Bereits 1935 wurde die Forderung erhoben, Roma und Sinti in
Arbeitslager zu internieren und Zwangssterilisierungen vorzunehmen. Ritters
Hauptaugenmerk richtete sich demzufolge auf die so genannten
"Zigeunermischlinge", wobei die Klassifizierung weiter
gefasst war als bei der jüdischen Bevölkerung. Als
"Zigeunermischling" galt man bereits, wenn einer der acht
Urgroßeltern "Zigeuner" war. Die Burgenland-Roma fielen in
diese Kategorie und wurden darüber hinaus von Ritter – unter Berufung auf die
Dissertation seines österreichischen Mitarbeiters Karl Moravek – als besonders
"minderwertig" eingestuft. Sie wurden als eine der ersten
Gruppen der systematischen Vernichtung preisgegeben.
Tobias Portschy wurde ab den späten 30er Jahren zur Zentralfigur der
nationalsozialistischen "Zigeunerverfolgung" im Burgenland.
Von 1935 bis zum "Anschluss" Österreichs an
NS-Deutschland (März 1938) war er illegaler
"Gauleiter" des Burgenlandes; nach der
Auflösung des Burgenlandes wurde er von Hitler zum
"stellvertretenden Gauleiter" der Steiermark
ernannt. In seiner 1938 veröffentlichten Denkschrift erhob er jene Forderungen,
die in den folgenden Jahren sukzessive umgesetzt werden sollten. Ihm war es ein
persönliches Anliegen, eine möglichst rasche
"Lösung des Zigeunerproblems" herbeizuführen.
Seine ersten Amtshandlungen bestanden darin, die Burgenland-Roma vom
Schulbesuch auszuschließen, ihnen die Bürgerrechte zu entziehen und sie zur
Zwangsarbeit zu verpflichten.
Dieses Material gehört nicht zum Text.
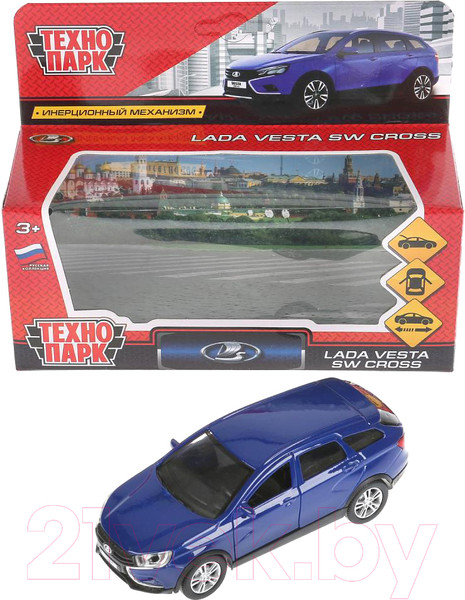 Изображение товара Масштабная модель автомобиля Технопарк Lada Vesta Sw Cross / VESTA-CROSS-BU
In gleicher Weise wie Robert Ritter forderte auch
Portschy, Roma und Sinti nicht nur in die
"Asozialenverfolgung" mit einzubeziehen, sondern sie – auf
einer Stufe mit der jüdischen Bevölkerung – als Teil des
"Rassenproblems" zu betrachten. Auch er prangerte unentwegt
die
"Sitten- und Zügellosigkeit der Zigeuner" an und
wurde nicht müde zu betonen, dass sie
"von der Fortpflanzung auszuschließen" seien.
Ende 1938 kündigte Heinrich Himmler in einem Runderlass an,
"die Regelung der Zigeunerfrage aus dem Wesen der
Rasse" heraus vorzunehmen.
Die theoretischen Erörterungen nationalsozialistischer
Wissenschaftler und Politiker blieben jedoch bis 1942/43 widersprüchlich.
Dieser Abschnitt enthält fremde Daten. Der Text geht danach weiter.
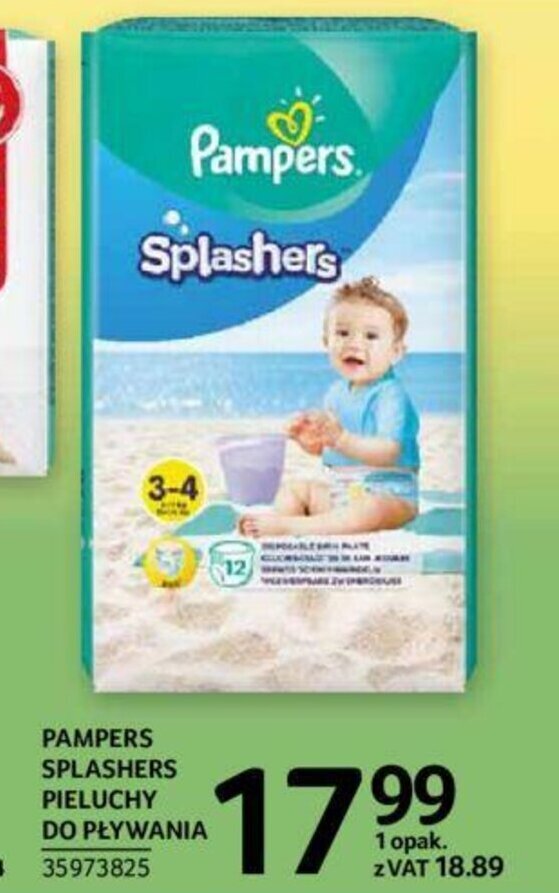 pampers splashers gazetka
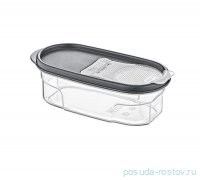 Контейнер 20 х 9,5 х 6 см для сыпучих пищевых продуктов с крышкой дозатором 600 мл Emhouse  / 343694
Einerseits lag aufgrund der indischen Herkunft der Roma und Sinti eine
"Arierzuordnung" relativ nahe, andererseits wollte man zur
Legitimierung der Verfolgungsmaßnahmen ihre "Artfremdheit"
beweisen. Die Verfolgung der Roma und Sinti verlief wesentlich unkoordinierter,
als dies bei der jüdischen Bevölkerung der Fall war. Einigen Roma und Sinti war
es zum Beispiel bis 1943 möglich, in der Wehrmacht zu dienen, obwohl dieselbe
Armee gleichzeitig am Völkermord an Roma und Sinti im Osten beteiligt war und
bereits Tausende in den Konzentrationslagern vernichtet
wurden. Diese Wehrmachtsangehörigen wurden dann direkt von der Front, zum Teil
mit Orden und Ehrenzeichen versehen, nach Auschwitz deportiert.